LINCOLN — After playing coy for more than two months, Gov. Pete Ricketts said Tuesday he will apply for the U.S. Senate seat being vacated by Ben Sasse.
“For me, it came down to a single question: How can I best serve the people of Nebraska and advance our conservative values?” Ricketts said in a statement.
Later in the morning, the 58-year-old Republican fended off questions about whether his appointment was a “done deal” — as many speculate — since it will be decided by Gov.-elect Jim Pillen. Ricketts endorsed Pillen and contributed $1.3 million to Pillen’s campaign victory during a highly contested GOP spring primary.
‘An applicant like everybody else’
“I’ll make my case on why I’m the best applicant when I have a chance to talk to Gov.-elect Pillen about it,” Ricketts said at a morning press conference on a different subject.
Jane Kleeb, the chair of the Nebraska Democratic Party, called Ricketts’ pursuit “the state’s most obvious pay-to-play case,” in a tweet Tuesday morning.
Ricketts, whose family owns the Chicago Cubs and founded TD Ameritrade, rejected that when asked the same question by a reporter at the morning news conference. He said that he had been friends and a political ally with Pillen for two decades, didn’t know about the vacancy until shortly before Sasse’s announcement in October, and that he will be “an applicant like everybody else.”
“I love this state and would love to look for additional ways to help the people of Nebraska. And this may be one of those opportunities,” the governor said.
Ricketts, who unsuccessfully ran for U.S. Senate in 2006, said in his press statement that the decision came after many hours of prayer and family discussion.
“Over the last eight years, we’ve shown the world the real impact conservative leadership can have,” Ricketts said. “I want to continue delivering results for our state, fighting to reduce taxes, grow our economy, defend our liberties, and run government more like a business.”
It has been widely speculated that the Senate post is Ricketts’, if he wanted it.
Pillen announced Monday that he was seeking applicants and that he wanted to fill the vacancy quickly. He set a Dec. 23 deadline for applications.
When Sasse’s pending resignation became public in October, Ricketts said he would defer the appointment of a replacement to Pillen, who takes office Jan. 5, three days before Sasse’s resignation takes effect.

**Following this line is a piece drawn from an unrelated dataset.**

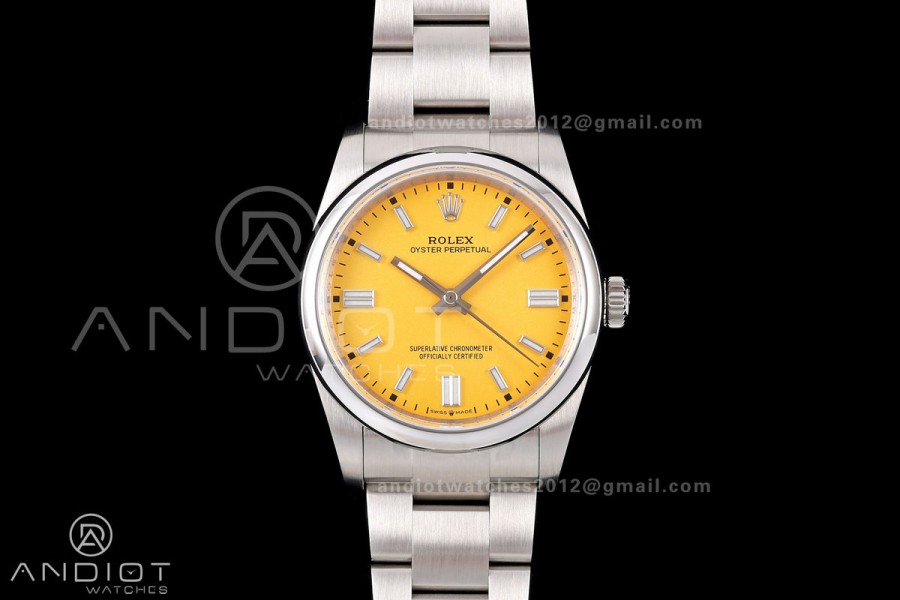 Oyster Perpetual 126000 36mm QF 1:1 Best Edition 904L Steel Yellow Dial JH3230 Free Sprung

Ricketts, in a statement then, said, “If I choose to pursue the appointment, I will leave the appointment decision to the next governor and will follow the process established for all interested candidates.”
Since then, the state’s top Republican has stuck to that script, saying he would defer to Pillen.
“I would love to remain involved in policy and politics,” Ricketts told a caller to his monthly call-in show two weeks ago.
Some Republicans have spoken out against Ricketts getting the appointment. In a recent submitted column in the Omaha World-Herald, Jeremy Aspen wrote that it looks “tawdry” and “inappropriate” that Ricketts would attain such a position via appointment rather than via an election.
Ricketts said that vacancies in the U.S. Senate are filled by appointment, unlike vacancies in the House of Representatives, which are filled via special election.
“This is the process,” he said.
But others, including State Sen. Lou Ann Linehan of Elkhorn, a political ally, have said there is no one more qualified for the job than Ricketts.
One other candidate
Even before the ink dried Monday on Sasse’s official resignation letter, one candidate threw his hat into the ring — retired Lt. Col. John Weaver of Omaha. He was an unsuccessful candidate for U.S. Congress this year. Weaver wrote to Pillen that he would represent conservative values if selected.
Last month, the University of Florida Board of Governors voted to affirm Sasse’s appointment as the next president of the university in Gainesville, Florida.
Sasse, 50, had served as president of Midland University in Fremont before he was elected to the Senate in 2014. His first day at Florida will be Jan. 6.